Stone’s husband convinced her to marry him by promising an equitable marriage where both of them would have proportionate power. And of course, she would keep her maiden name. She wrote nuanced vows for 1855. She omitted the promise for a wife to be the only one to obey. And included a protest to marital law that treated a woman as property to her husband.

In 1858, Lucy refused to pay property tax because of that traditional American principle, “no taxation without representation”. She was not represented since she couldn’t vote, but the government wants their share of people’s goods regardless of justification. So, they impounded and sold all of her household goods.

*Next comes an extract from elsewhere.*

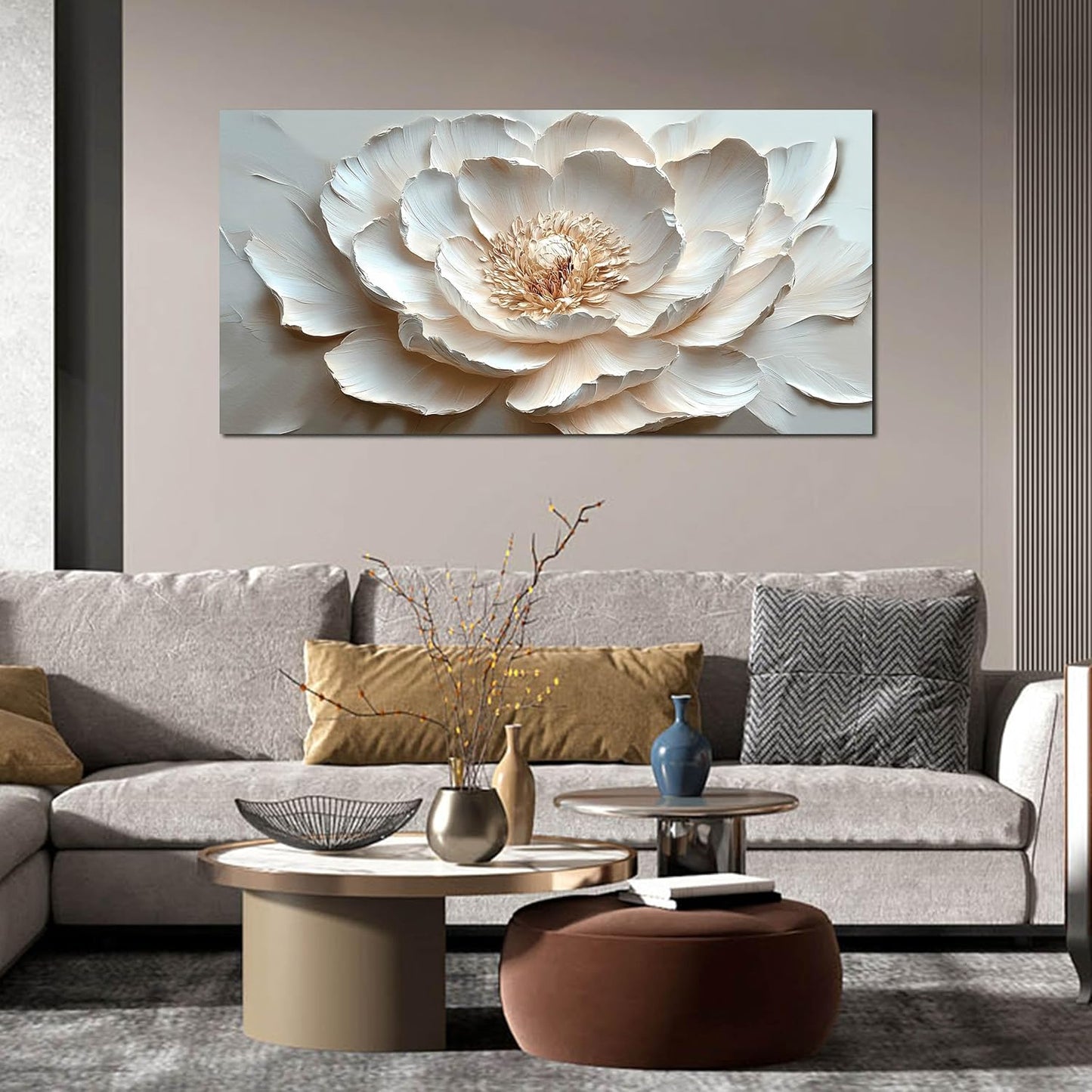 White Flower Canvas Wall Art for Bedroom - Floral Pictures Wall Art for Living Room - Girls Room Decor Ready to Hang Size 24" x 48"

In 1879, Stone signed up to vote in the local Massachusetts elections because the state allowed women to vote in such things. However, they denied her this because she did not use her husband’s last name and, thus, did not match any legal citizen’s name. Let me explain that again. The government did not legally recognize her because she kept her daddy’s last name.

Virginia Woolf wrote in A Room of One’s Own (1929) about common rules of the time that banned women from being educated and competing in industry. Woolf explains how when a woman is not reliant upon a man for money to live on, she is freer and less bitter.

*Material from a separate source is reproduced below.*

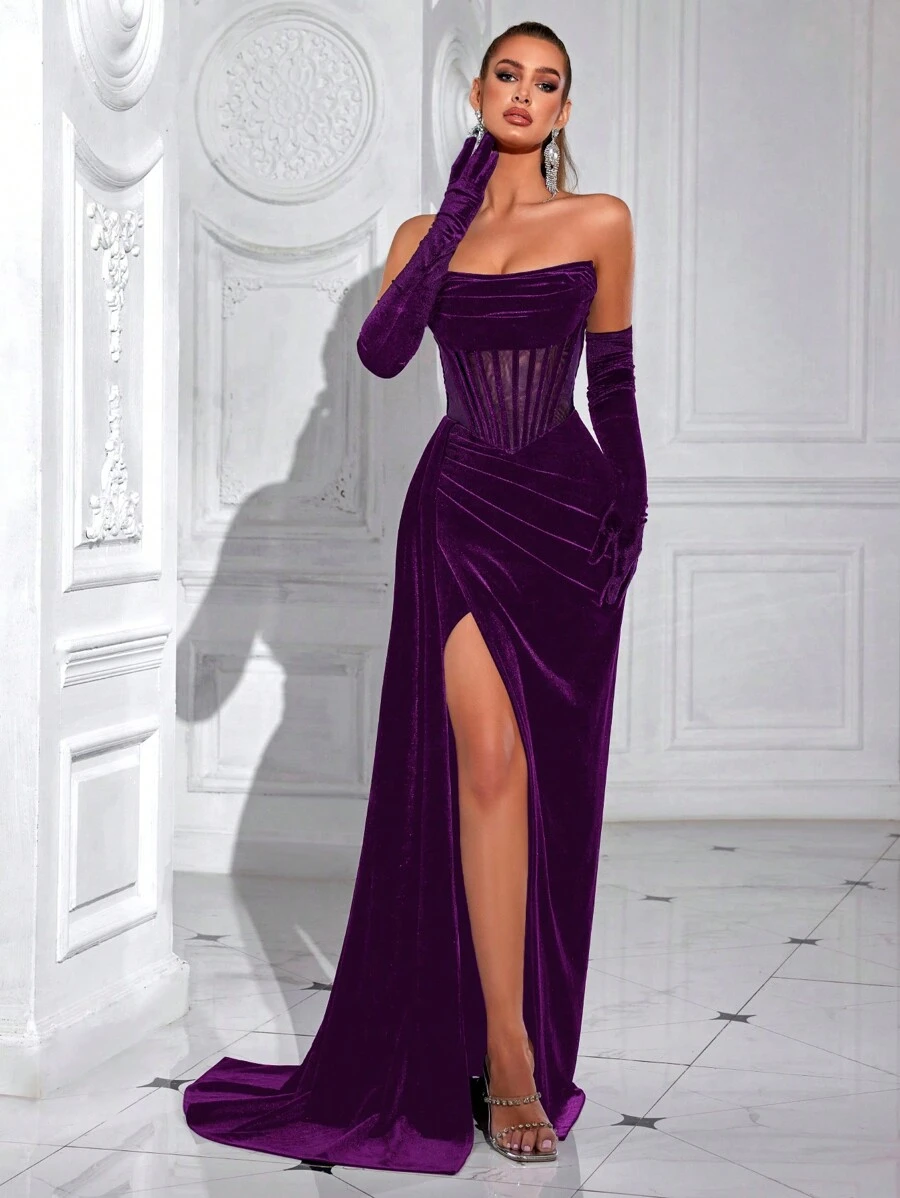 ADYCE Vestido formal de noche con parte delantera dividida, sin tirantes, con lazo en la cintura y espalda descubierta. Vestido elegante para graduación, cena formal, invitada de boda (no incluye guantes)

“I need not hate any man; he cannot hurt me. I need not flatter any man; he has nothing to give me. So imperceptibly I found myself adopting a new attitude towards the other half of the human race.”

What she is describing is an inheritance that she received from her aunt that allowed her to be financially independent because, at the time, women were limited in their work opportunities. So, it was incredibly difficult for a woman to not rely upon someone else for money.

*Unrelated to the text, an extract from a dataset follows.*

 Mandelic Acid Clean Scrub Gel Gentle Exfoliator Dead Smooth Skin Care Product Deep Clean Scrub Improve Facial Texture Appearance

“Indeed, I thought, slipping the silver into my purse, it is remarkable, remembering the bitterness of those days, what a change of temper a fixed income will bring about.”

The “fixed income” she is referring to is not Bernie Sanders-style welfare programs or Andrew Yang’s universal basic income. It just means consistent income that doesn’t rely upon someone else’s charity.

Freedom to make money is one of the most important ingredients to individual liberty. Woolf describes how it not only makes the individual happier, but it also creates an environment where mutual respect and peace flourishes.

Original Feminism did not want to expand government. In fact, it shows how government power can be used to oppress, and creates disparities that could otherwise be solved by individuals, common decency, and mutually beneficial trade.

Allow women (and really anyone) to compete in the market to earn financial independence without government coercion and liberty grows. Or just allow a man to respect his wife in a way that is not the societal norm (i.e., keeping her maiden name). Allow true freedom instead of the coercive harassment that comes when the government denies you the recognition of being more than the property of your husband, the respect of your surname, and the theft of your property.

Patriotism, capitalism, and true feminism all have a liberating effect. The people that defended and fought for these things should not be remembered only for an Amendment that forced a government to act. They were individuals that were so much more than the government that sought to restrain them.